Stimuli: P.S. can be triggered off as a reflex by the following stimuli: opening the mouth, introducing a tube into the esophagus with or without fluid, pinching the ear or fore or hind paws, flexion, extension, passive rotation of the head, passive flexion or hyperextension of the limbs. Cutaneous stimuli (stroking the back, face, stomach, limbs), and auditive stimuli, on the other hand, had no effect. Nociceptive stimuli almost always produce an immediate extension reaction of very short duration (a few seconds) and very brief apnea, and it is possible that the common denominator of all these reactions is the involvement of proprioceptive afferents.

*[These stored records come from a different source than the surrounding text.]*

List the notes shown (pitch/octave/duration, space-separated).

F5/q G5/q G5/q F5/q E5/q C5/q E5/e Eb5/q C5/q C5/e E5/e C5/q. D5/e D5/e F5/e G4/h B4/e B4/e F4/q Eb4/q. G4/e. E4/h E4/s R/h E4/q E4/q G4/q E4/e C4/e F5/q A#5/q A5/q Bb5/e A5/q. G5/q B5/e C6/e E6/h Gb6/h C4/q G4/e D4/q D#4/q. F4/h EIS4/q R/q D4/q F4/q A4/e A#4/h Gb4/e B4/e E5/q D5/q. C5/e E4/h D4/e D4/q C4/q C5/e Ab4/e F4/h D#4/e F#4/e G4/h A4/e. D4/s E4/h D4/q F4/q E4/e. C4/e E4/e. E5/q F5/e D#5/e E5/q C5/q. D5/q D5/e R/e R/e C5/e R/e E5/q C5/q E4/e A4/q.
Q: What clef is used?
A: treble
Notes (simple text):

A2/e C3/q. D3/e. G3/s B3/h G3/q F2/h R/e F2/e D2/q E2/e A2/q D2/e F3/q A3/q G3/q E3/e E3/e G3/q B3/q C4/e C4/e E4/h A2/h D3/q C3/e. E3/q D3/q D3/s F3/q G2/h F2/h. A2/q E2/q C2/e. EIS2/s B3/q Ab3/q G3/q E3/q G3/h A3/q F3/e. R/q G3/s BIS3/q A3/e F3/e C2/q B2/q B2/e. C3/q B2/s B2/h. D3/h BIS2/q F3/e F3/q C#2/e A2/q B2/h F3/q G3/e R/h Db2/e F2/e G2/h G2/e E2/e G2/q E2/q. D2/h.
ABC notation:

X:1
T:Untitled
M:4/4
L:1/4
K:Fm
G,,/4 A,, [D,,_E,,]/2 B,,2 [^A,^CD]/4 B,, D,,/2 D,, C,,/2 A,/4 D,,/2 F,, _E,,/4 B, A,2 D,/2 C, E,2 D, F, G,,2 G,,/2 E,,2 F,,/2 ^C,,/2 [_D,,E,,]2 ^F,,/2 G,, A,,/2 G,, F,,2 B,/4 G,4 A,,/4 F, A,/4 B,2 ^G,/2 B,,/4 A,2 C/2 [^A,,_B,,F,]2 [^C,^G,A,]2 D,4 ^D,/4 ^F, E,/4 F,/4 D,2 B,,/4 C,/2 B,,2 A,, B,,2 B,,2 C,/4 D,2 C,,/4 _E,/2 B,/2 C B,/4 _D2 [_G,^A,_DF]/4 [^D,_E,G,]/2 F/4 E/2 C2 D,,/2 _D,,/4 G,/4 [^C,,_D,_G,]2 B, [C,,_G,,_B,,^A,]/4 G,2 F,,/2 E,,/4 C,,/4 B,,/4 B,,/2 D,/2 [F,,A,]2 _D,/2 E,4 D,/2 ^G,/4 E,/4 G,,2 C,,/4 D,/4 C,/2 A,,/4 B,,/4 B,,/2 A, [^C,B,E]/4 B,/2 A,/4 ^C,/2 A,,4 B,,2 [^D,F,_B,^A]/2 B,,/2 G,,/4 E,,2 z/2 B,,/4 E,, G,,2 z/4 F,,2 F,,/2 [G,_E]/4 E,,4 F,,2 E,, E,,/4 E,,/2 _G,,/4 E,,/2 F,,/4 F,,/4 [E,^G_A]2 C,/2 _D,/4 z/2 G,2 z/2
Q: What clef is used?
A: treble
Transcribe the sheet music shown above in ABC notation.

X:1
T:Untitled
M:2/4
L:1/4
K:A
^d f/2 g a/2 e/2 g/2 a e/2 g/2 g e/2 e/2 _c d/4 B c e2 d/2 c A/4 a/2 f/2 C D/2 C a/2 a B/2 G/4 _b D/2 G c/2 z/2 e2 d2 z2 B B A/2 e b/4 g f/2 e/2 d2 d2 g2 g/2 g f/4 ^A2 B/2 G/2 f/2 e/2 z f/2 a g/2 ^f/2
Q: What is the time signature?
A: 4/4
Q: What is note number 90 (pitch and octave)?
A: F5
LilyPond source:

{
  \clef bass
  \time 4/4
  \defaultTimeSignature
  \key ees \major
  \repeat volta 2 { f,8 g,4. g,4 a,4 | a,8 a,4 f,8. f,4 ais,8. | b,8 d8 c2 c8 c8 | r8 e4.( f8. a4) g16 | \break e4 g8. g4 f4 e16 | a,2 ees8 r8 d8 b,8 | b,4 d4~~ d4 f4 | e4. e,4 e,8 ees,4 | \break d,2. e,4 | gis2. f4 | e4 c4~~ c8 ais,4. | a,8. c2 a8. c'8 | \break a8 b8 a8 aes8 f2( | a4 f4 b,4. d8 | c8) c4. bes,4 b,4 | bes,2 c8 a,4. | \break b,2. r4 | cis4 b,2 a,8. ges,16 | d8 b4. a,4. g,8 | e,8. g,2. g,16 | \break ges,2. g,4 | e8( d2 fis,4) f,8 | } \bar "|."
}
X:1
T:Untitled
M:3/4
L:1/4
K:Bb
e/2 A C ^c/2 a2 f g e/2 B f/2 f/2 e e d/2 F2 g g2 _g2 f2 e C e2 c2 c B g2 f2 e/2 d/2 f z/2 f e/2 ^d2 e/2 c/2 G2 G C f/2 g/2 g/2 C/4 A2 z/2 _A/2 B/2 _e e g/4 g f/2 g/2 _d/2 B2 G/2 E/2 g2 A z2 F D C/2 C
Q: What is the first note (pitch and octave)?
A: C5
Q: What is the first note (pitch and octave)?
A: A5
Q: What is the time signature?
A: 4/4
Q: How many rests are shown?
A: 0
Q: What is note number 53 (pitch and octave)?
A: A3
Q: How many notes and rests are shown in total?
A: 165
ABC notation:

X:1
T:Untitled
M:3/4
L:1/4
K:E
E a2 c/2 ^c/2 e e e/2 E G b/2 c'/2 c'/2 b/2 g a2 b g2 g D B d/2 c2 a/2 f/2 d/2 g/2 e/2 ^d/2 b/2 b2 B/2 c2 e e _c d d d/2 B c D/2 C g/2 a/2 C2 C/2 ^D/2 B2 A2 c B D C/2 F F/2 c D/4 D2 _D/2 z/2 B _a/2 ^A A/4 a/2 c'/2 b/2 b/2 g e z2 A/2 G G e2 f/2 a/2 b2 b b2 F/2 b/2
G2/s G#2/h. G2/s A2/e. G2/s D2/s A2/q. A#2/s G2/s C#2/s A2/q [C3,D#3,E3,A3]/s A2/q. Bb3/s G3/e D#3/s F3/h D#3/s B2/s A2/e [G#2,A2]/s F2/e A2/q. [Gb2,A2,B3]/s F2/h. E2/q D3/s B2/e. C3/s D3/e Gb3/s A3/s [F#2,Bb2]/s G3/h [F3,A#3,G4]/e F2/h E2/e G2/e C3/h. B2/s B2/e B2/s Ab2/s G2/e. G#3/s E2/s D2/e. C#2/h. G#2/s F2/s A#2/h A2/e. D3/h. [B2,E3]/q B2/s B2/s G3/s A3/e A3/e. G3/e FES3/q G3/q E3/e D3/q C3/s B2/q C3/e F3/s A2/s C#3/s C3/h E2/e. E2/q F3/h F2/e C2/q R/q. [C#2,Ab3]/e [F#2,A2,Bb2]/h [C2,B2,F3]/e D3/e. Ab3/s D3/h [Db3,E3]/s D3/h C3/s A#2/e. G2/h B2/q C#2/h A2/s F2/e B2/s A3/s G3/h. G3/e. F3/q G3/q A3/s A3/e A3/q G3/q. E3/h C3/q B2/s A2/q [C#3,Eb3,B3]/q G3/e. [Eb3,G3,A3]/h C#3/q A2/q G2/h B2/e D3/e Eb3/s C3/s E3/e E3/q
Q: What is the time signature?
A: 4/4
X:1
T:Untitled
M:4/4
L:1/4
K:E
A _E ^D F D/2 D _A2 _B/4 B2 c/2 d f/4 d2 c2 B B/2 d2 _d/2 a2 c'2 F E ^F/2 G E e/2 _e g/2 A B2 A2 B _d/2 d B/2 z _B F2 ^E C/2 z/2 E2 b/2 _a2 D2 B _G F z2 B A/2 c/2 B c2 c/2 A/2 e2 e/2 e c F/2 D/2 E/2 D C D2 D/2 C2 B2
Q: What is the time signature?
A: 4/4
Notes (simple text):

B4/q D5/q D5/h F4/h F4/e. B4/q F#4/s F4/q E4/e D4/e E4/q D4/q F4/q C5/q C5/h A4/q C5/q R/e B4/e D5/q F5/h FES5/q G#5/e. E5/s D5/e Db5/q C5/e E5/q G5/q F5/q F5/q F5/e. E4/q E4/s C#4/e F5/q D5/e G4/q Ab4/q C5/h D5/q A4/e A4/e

The P.S. obtained by these stimuli appears either immediately (after 1-3 sec) or after a delay of 20-30 sec. It is accompanied by the same EEG, autonomic and behavioural (eye movements) phenomena as spontaneous P.S., and the duration of both is identical. A 'refractory period' of 10-20 min follows spontaneous or evoked P.S., during which the same stimuli either are totally ineffective or produce phasic suppression or, more rarely, tonic suppression of the EMG (cataplexy), which can last for 1 or 2 min. But then no monophasic spikes occur in the pons and there are no eye movements (Fig. 16). Such cataplexic periods cannot therefore be identified with P.S. The duration of the refractory phases following nociceptive and proprioceptive stimulation was identical. It was shorter than the mean interval occurring between two phases of spontaneous P.S. Finally intravenous injection of 1-5 microg/kg adrenalin never caused a P.S. reflex in these animals.